INCLINE VILLAGE, Nev. - Given a choice, I believe I would rather have the Hantavirus than the virus that recently infected my computer. With the Hantavirus at least I might have had time to compose my last will and testament, get my worldly affairs in order and kiss my loved ones goodbye.

But the scare-ware virus that vaporized my hard-drive did give me time even to bend over and kiss my one thousand Mark Twain files goodbye, files I had taken great care to cobble together over a 30-year span to adequately prepare for various Twain programs.

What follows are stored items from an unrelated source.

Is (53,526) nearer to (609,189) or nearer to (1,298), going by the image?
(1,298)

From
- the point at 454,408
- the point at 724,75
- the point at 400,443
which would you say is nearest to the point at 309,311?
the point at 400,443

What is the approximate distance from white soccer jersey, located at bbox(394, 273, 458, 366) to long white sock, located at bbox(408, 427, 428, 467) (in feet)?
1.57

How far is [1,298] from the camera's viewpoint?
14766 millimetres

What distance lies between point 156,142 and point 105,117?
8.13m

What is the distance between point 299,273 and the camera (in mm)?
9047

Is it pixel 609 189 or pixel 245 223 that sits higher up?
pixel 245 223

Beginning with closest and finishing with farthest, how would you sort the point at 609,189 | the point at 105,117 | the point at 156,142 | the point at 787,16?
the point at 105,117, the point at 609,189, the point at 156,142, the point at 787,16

As a specific example, next month I have a trial in Phoenix whereby I'm being tried as the Ghost of Mark Twain for publishing racist materials, and the students in Mrs. Allen's AP English class are getting their evidence out of Huckleberry Finn -real courtroom, real judge. My case is lost. (In full disclosure, Mrs. Allen's kids have taken me to grass once before when I had access to all my files.)

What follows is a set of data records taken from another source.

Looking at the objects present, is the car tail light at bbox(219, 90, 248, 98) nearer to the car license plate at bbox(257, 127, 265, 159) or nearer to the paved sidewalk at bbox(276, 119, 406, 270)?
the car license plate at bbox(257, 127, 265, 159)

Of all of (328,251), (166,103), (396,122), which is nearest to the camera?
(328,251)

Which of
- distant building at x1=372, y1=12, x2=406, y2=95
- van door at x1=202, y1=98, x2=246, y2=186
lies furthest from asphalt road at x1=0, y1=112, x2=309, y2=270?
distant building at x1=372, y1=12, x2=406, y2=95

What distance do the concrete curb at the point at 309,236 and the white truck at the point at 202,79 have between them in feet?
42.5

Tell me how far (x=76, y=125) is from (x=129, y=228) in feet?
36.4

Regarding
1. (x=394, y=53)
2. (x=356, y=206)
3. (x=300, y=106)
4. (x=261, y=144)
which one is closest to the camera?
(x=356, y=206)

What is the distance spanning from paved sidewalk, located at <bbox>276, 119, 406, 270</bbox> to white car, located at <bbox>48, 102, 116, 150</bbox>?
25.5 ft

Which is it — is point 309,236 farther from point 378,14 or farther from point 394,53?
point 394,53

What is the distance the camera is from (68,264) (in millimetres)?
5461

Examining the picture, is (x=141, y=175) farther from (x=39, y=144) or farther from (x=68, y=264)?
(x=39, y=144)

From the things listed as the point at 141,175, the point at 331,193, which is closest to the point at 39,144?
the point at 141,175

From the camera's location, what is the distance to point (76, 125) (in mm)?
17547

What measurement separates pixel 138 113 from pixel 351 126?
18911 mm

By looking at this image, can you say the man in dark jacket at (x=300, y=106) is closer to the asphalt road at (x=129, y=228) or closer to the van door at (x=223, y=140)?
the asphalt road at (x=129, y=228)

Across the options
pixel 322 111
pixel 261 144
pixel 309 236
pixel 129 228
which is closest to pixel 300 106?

Well, as it happened, good news arrived in a flashing alert on my computer screen that told me "On Pay, Inc." could restore my files for $85, and they could do it with a couple of clicks and my credit card ... they conveniently left one browser open to allow a credit card transaction.

I figured if these people could suck the life out of my computer, what could they do with my credit card account? So I called my good friend and computer wiz Sebastian McAlister, who was able to kill the dragon and recommend a virus protector, though, alas, I thought the lifeline to my profession was forever lost, not to mention my instructions on how to save the world.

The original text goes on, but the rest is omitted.